## Exercise brief
Write out exactly the lines that run from the one containing "בית מלון כפרי Le Quattro Sorelle" to the end of the entries below, with both end lines included.

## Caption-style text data
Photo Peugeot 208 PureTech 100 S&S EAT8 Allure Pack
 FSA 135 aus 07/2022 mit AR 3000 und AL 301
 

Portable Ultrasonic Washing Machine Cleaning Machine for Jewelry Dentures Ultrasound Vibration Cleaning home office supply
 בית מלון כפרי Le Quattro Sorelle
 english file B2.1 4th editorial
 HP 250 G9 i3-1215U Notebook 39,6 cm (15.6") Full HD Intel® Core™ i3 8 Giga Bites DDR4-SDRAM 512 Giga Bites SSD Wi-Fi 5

## Expected answer
 בית מלון כפרי Le Quattro Sorelle
 english file B2.1 4th editorial
 HP 250 G9 i3-1215U Notebook 39,6 cm (15.6") Full HD Intel® Core™ i3 8 Giga Bites DDR4-SDRAM 512 Giga Bites SSD Wi-Fi 5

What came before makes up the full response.